What you will do.
Print the records below exactly, starting at the first line and stopping after the line that contains "a kitchen with". Leave out any pictures.

(Caption-style text data)
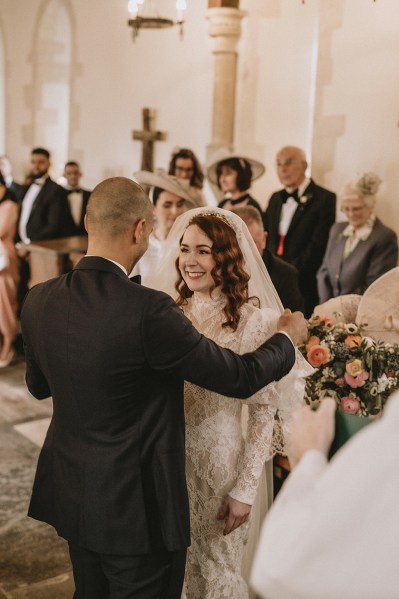 Groom takes veil off brides face they smile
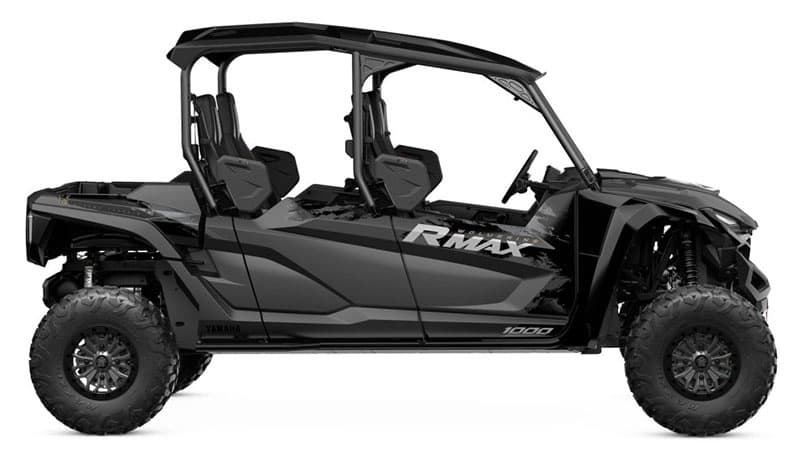 Black Yamaha RMAX four-seat UTV side profile isolated on white
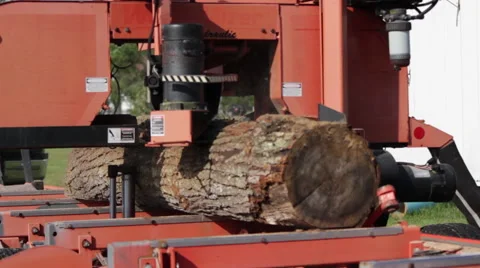 MS Portable sawmill cuts log front angle Stock Footage 40472187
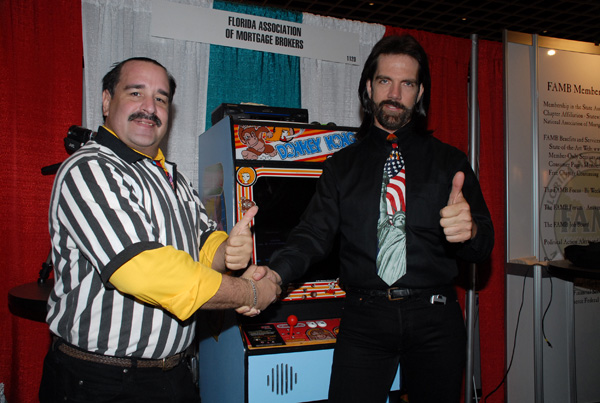 Billy Mitchell shakes hands with Todd Rogers--a former Twin Galaxies referee who has since been banned for similar cheating scandals--at the 2007 Florida Association of Mortgage Brokers Convention; the joystick with questionable authenticity  is in plain view behind them. 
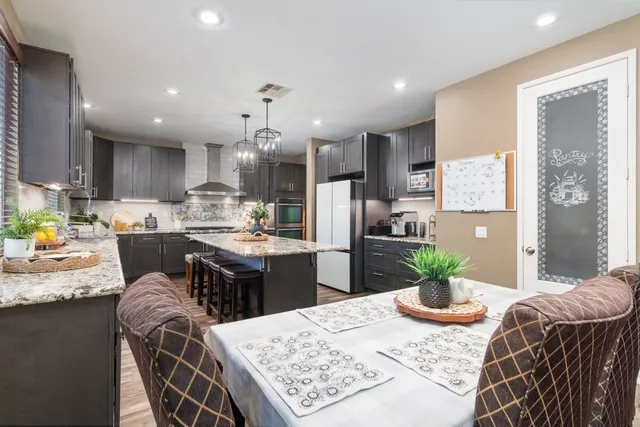 a kitchen with stainless steel appliances kitchen island granite countertop a refrigerator a stove a sink dishwasher with a dining table and chairs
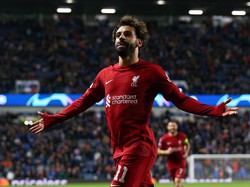 Mohamed Salah menempati daftar teratas hat-trick tercepat Liga Champions. Si Raja Mesir hanya butuh waktu 6 menit 12 detik kala Liverpool menghancurkan Rangers 7-1 di fase grup Liga Champions 2022/2023. (Foto: Getty Images/Alex Livesey - Danehouse)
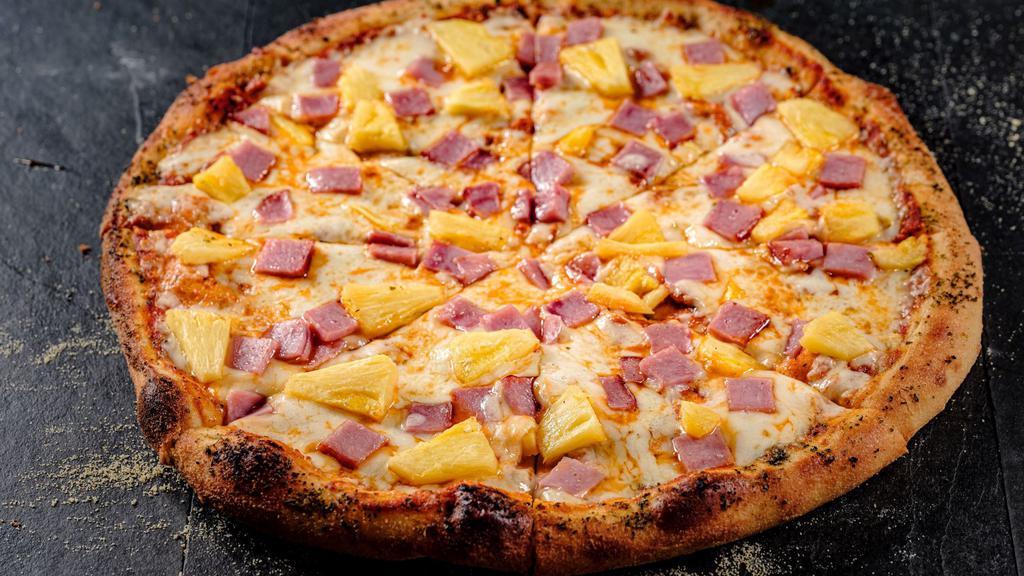Hawaiian · An island classic with house cheese blend, canadian bacon, local
pineapple, and traditional red marinara sauce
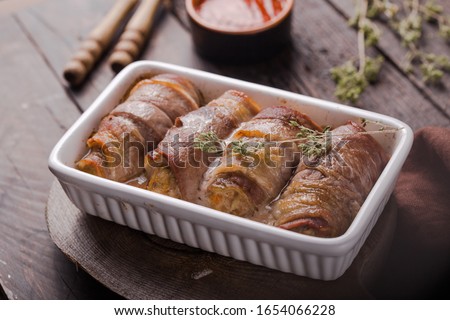 Grilled meat rolls wrapped in strips of bacon. Pork roll filled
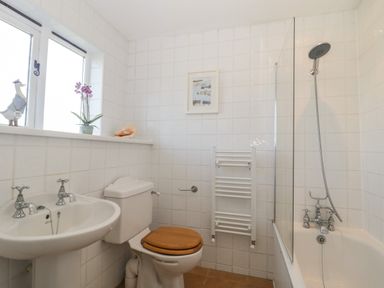 A bathroom with a sink toilet and bathtub with shower at Field View in Curland near Taunton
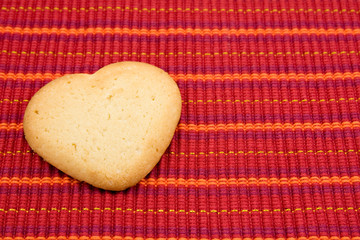 heart shaped cookie on red striped tablecloth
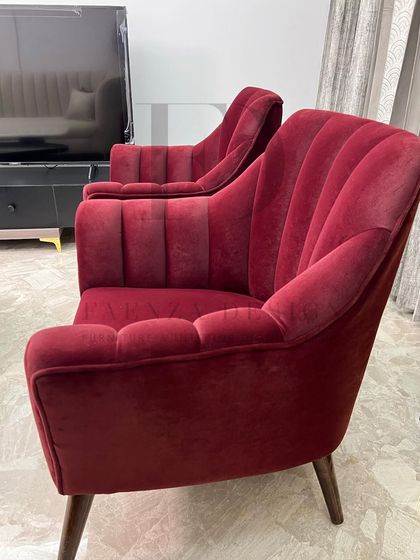 A pair of elegant armchairs in a rich, wine-red velvet. The channel-tufted backs and tapered wooden legs create a look that is both modern and reminiscent of mid-century design.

Finished exercise.
 Groom takes veil off brides face they smile
 Black Yamaha RMAX four-seat UTV side profile isolated on white
 MS Portable sawmill cuts log front angle Stock Footage 40472187
 Billy Mitchell shakes hands with Todd Rogers--a former Twin Galaxies referee who has since been banned for similar cheating scandals--at the 2007 Florida Association of Mortgage Brokers Convention; the joystick with questionable authenticity  is in plain view behind them. 
 a kitchen with stainless steel appliances kitchen island granite countertop a refrigerator a stove a sink dishwasher with a dining table and chairs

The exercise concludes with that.